The Great Interpreters

People think they have to discover something about themselves that they then put into the music they play. They think they have to have something to say, or some special way of saying it.

Maybe they think that because they see "the great interpreters" playing and see that it's very distinctive. There is some unique character there that you would recognise immediately no matter what they were playing.

Now, a good player has learned how to play well - they were not always able to play as well as that, they had to learn - but the basic character you hear was always in them from the beginning.

So what does somebody do who thinks they are not one of the great interpreters? How can they improve?

As I said, one way people try to do it is by "putting themselves into the music". But is that really what Glenn Gould or Sviatoslav Richter were doing? It's obviously them playing, you know immediately with no doubt. And the uniqueness comes from them. But the reason for it is that that's the way the music flows through their system. It's not something they add, it's a live connection to the music direct. On a bad day, they would tell you they were not connected, but on a good day the difference is that there is less of "them" and more of the music.

So the answer is not to add more of yourself. That is adding more ego. What is important, you or what you are playing? What is more important, telling the audience something you already know or discovering something new? Showing your heart or just pretending?

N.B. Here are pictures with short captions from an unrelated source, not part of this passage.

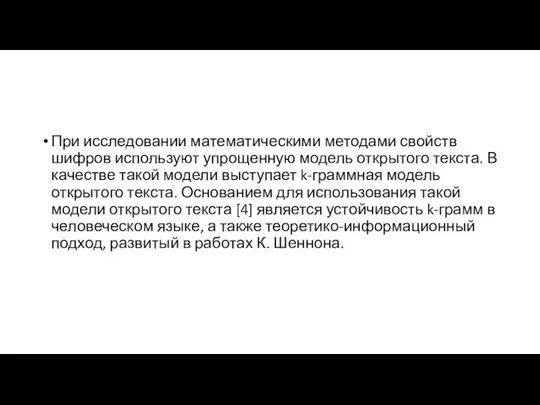 При исследовании математическими методами свойств шифров используют упрощенную модель открытого текста. В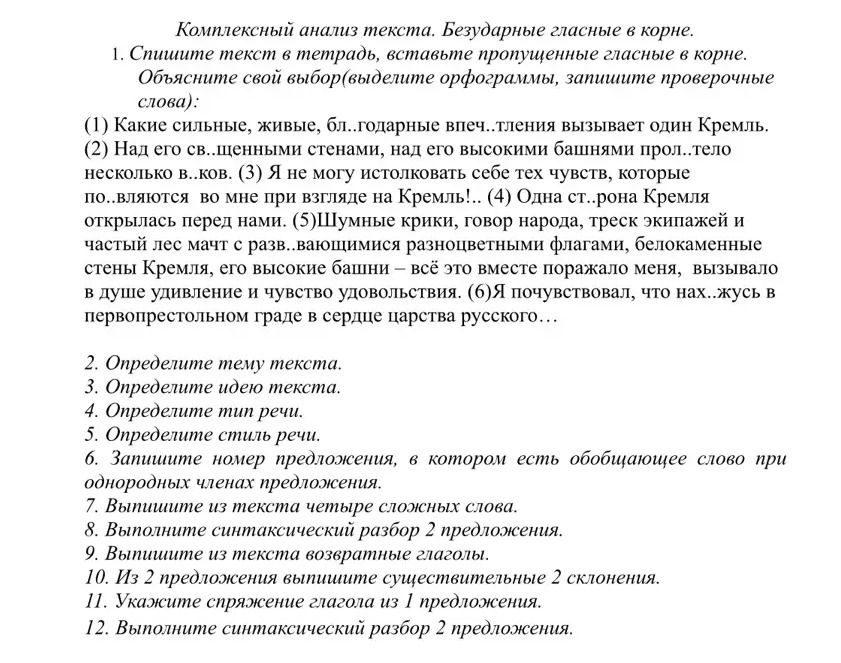 Фото задания: 10. Из 2 предложения выпишите существительные 2 склонения.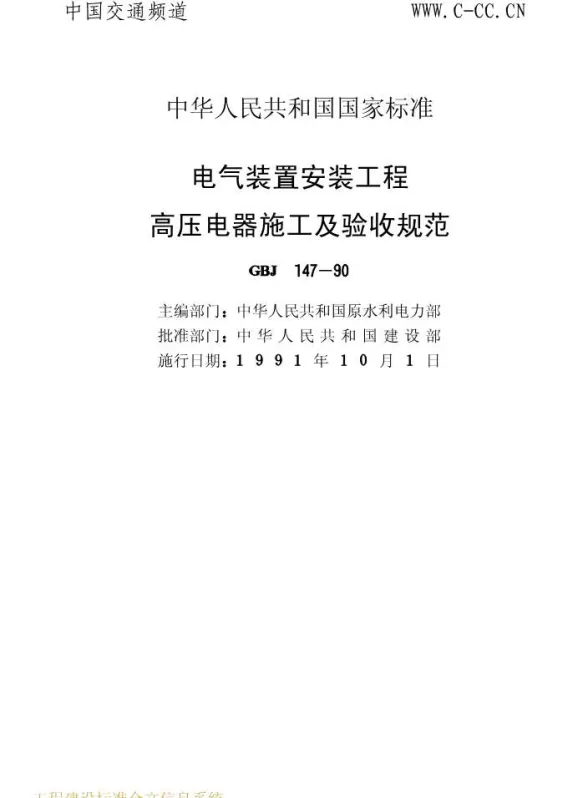 GBJ147-90电气装置安装工程高压电器施工及验收规范封面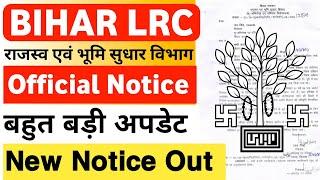 Bihar LRC Vacancy Big Update Bihar LRC Joning Update Bihar LRC Latest Update Bihar LRC Update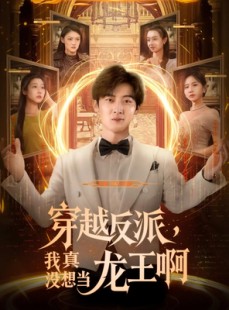 短剧《穿越反派我真没想当龙王啊》80集短剧全集抢先看不停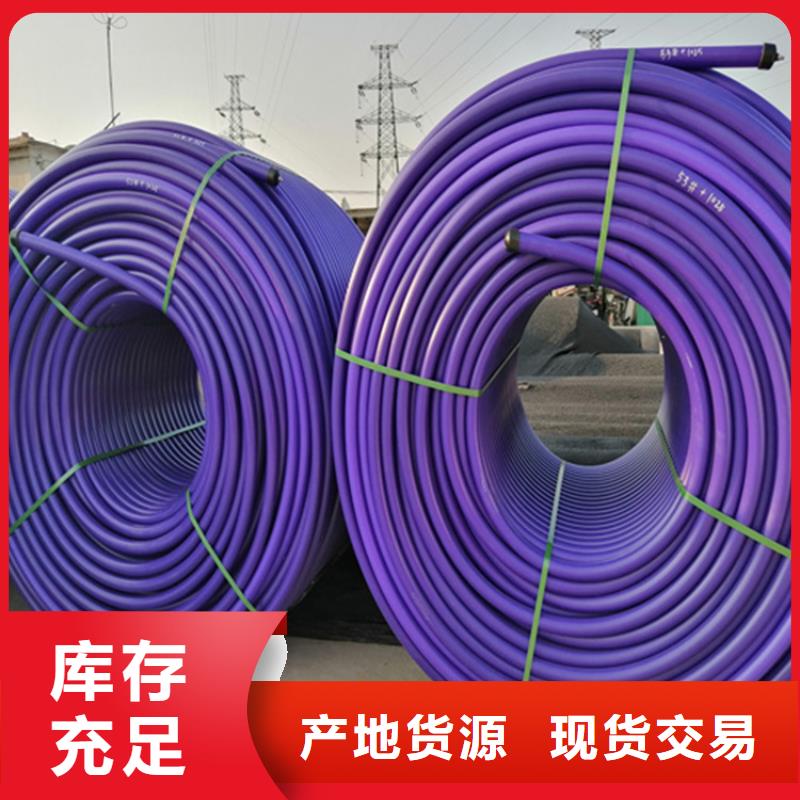 
hdpe硅芯管
厂家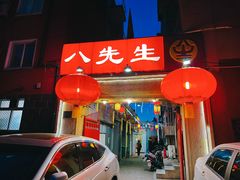 -八先生涮肉房(三里河店)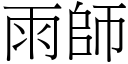 雨师 (宋体矢量字库)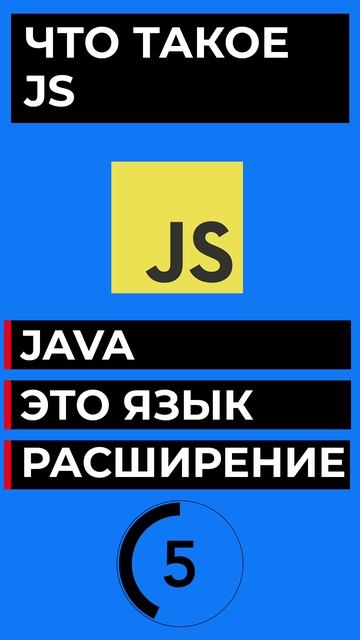 ЧТО ТАКОЕ JS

If you don't feel you are great, don't worry because the great people weren't great either. They thought they were rubbish. I'm telling you.

If you think you are good, you are wrong. If you think you are bad, you are wrong too. The only answer is to keep looking. Even if it's going well, there is still more to find. And if it is going badly, that's an excellent sign because you know you have got somewhere to go.

How to get better? How to get great?

Don't try to add things. Take things away. The more you put in, the less of the composer we are hearing.

Can you control your beating heart and the allocation of hormones and adrenalin and blood and electric communications in your body? I don't think so. So don't interfere.

The little "I" is not much help. All it can do is be selfish, which gets it a few advantages but only in the short term. The big "I" is a genius and you find it by being interested in what is not you.

For example the music. You have the score - read it! Enjoy it! The composer had a special reason for writing it and that reason still exists but we have to discover it. He saw something special and important. Now you have to show people where to look to find it themselves. Point in the direction. Or even carry them there. It's all in the music. READ IT!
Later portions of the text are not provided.